Train traffic was severely disrupted with only one out four TGV high-speed long-distance trains and three of 10 regional trains running across the country.
But Paris and its environs remained the worst hit. Nine metro lines in the capital remained closed and there were skeletal transport services between the city and its suburbs.
Only 60% of the city's bus services were running.
Strikers have warned of similar disruptions on Sunday and Monday and national rail operator SNCF and the RATP Paris transport network confirmed service would be very limited with just one in four TGVs running.
On Saturday, SNCF managing director Rachel Picard, told Le Parisien daily that "half of the passengers" would have trains to visit family for Christmas" but did not elaborate.
Unions are hoping for a repeat of 1995, when they forced a right-wing government to back down on pension reform after three weeks of metro and rail strikes just before Christmas.
The prospect of a protracted standoff has businesses fearing big losses during the crucial year-end festivities, and travelers worried that their holiday plans will fall through.
On Friday, Prime Minister Edouard Philippe asked SNCF chief Jean-Pierre Farandou to draw up a list of exactly which trains would be running during the festive season.
Philippe told the Parisien daily in an interview for its Sunday edition that the French would not accept being "deprived" of festive transport options.
"I can well see that everyone is worried as they see Christmas near. Christmas is an important time.
"Everybody must take their responsibilities. I do not think the French would accept people depriving them of this moment," Philippe warned.
But unions said they would not give in, and that the government would have to.
"If the government wants the conflict to end before the holidays, they have all of next week to take the wise decision and scrap the point-based pension plan," Laurent Blum, the general secretary of the hard-line CGT-Cheminots, the main SNCF union, told AFP.
The reform would do away with 42 separate regimes, some of which offer early retirement and other benefits to public sector workers such as train drivers, dockers and even Paris Opera employees.
The strike organizers have announced a massive protest for Tuesday when tens of thousands are expected to take to the streets again.
Meanwhile, teachers, who have been mobilized since the start of the protest, on Friday gained guarantees from the government of salary reviews which would cost the state 10 billion euros ($11.12 billion). The details were not revealed.
Policemen meanwhile ended their protest on Friday after managing to get assurances that their early retirement scheme would be maintained, owing to the "dangerous" nature of their job.

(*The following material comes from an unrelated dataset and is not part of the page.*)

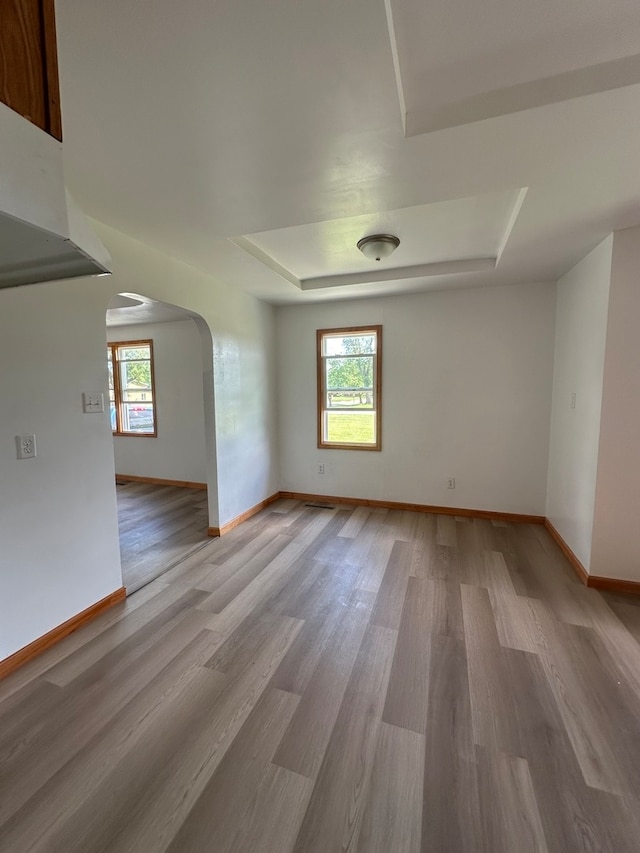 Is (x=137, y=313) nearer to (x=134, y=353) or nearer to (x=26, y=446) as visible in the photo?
(x=134, y=353)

Both Paris operas, the Garnier and the Bastille, canceled Friday performances, and more through the weekend.
President Emmanuel Macron's government insists the changes will make for a fairer system and help erase pension system deficits forecast to reach as much as 17 billion euros by 2025.
The average French person retires at just over 60, years earlier than most in Europe or other rich OECD countries.
Prime Minister Philippe has held talks with union leaders and more negotiations are scheduled over the coming week.
Philippe on Friday struck a combative note, saying he "has absolutely no fear of implementing this reform."
Macron, who has maintained a studied silence since the protests began, told reporters in Brussels on Friday that it was a "historic reform," while expressing solidarity with those affected by the fallout.